Mice received daily intraperitoneal injections of rosiglitazone or vehicle (DMSO 5%) 3 days before and throughout the 7 days of RD. The treatment also did not alter the increased levels of Il-6 and Ifn-γ mRNA levels in whole retinal mRNA and increased Ccl2 in four day RD samples (Fig. 5A). Quantification of IBA1-, PNA-, CAR triple-stained retinal flatmounts (Fig. 5B) also showed that rosiglitazone had no effect on the number of infiltration of subretinal IBA-1+ MPs at day 7 (Fig. 5C). Despite this lack of an anti-inflammatory effect, quantification of PNA+CAR+ cones, revealed that rosiglitazone significantly protected retinas against cone loss at day 7 (Fig. 5D and E).
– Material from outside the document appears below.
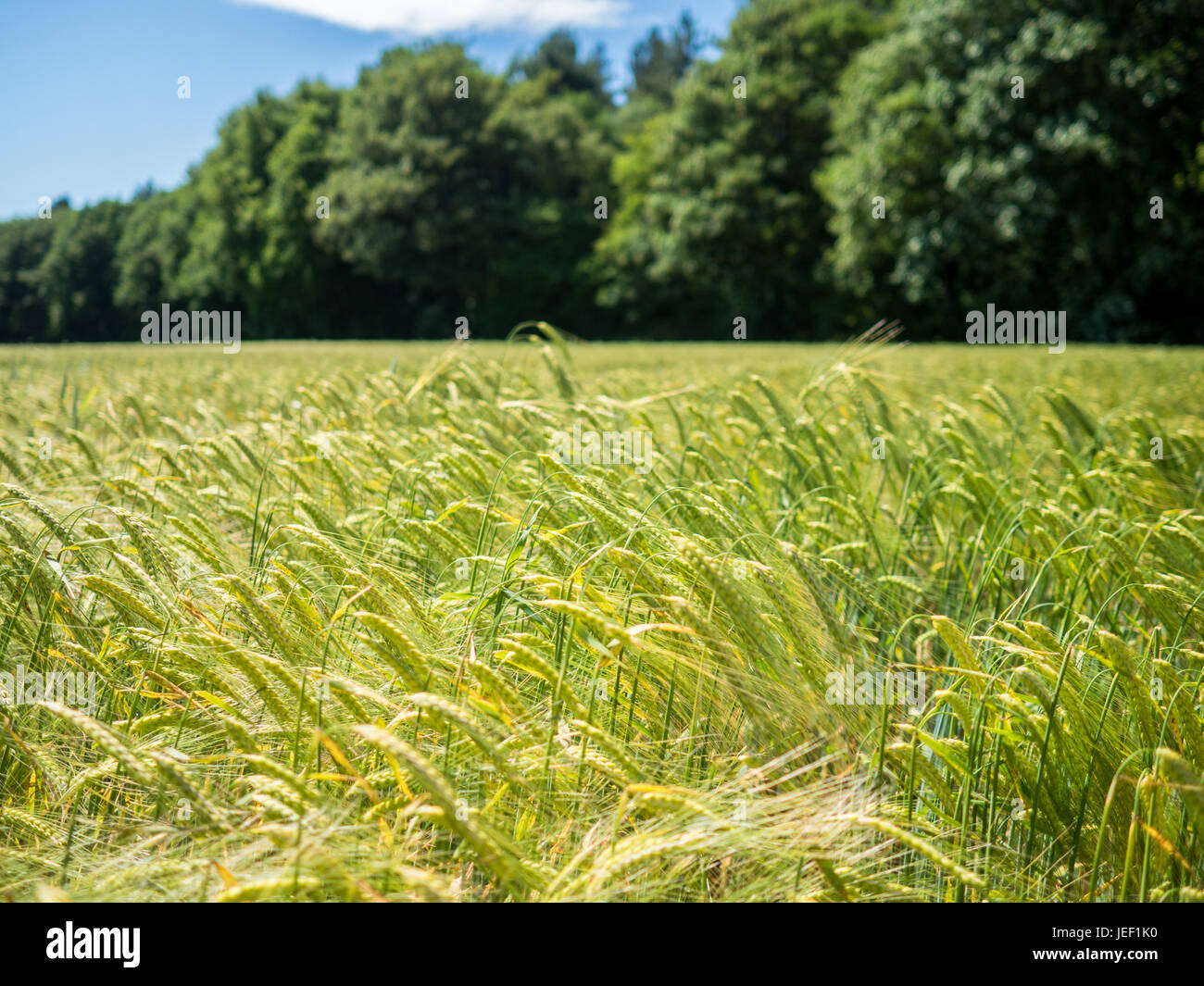 Unripe wheat blowing in a light breeze in farmland in Hertfordshire, England, beneath clear blue skies on a sunny day. Stock Photo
Interestingly, subretinal injection of metformin, a commonly used insulin sensitizer that also exerts an independent anti-inflammatory effect [42, 43], significantly increased cone survival and decreased subretinal MP accumulation in detached retinas compared with PBS controls (Fig. 5G-J).
In summary, our results show that the well-established insulin sensitizers rosiglitazone and metformin significantly curb cone loss in RD. The fact that we observed increased cone survival under rosiglitazone- and insulin- treatment in the absence of an anti-inflammatory effect strongly suggests that restored insulin signaling was the likely mode of action.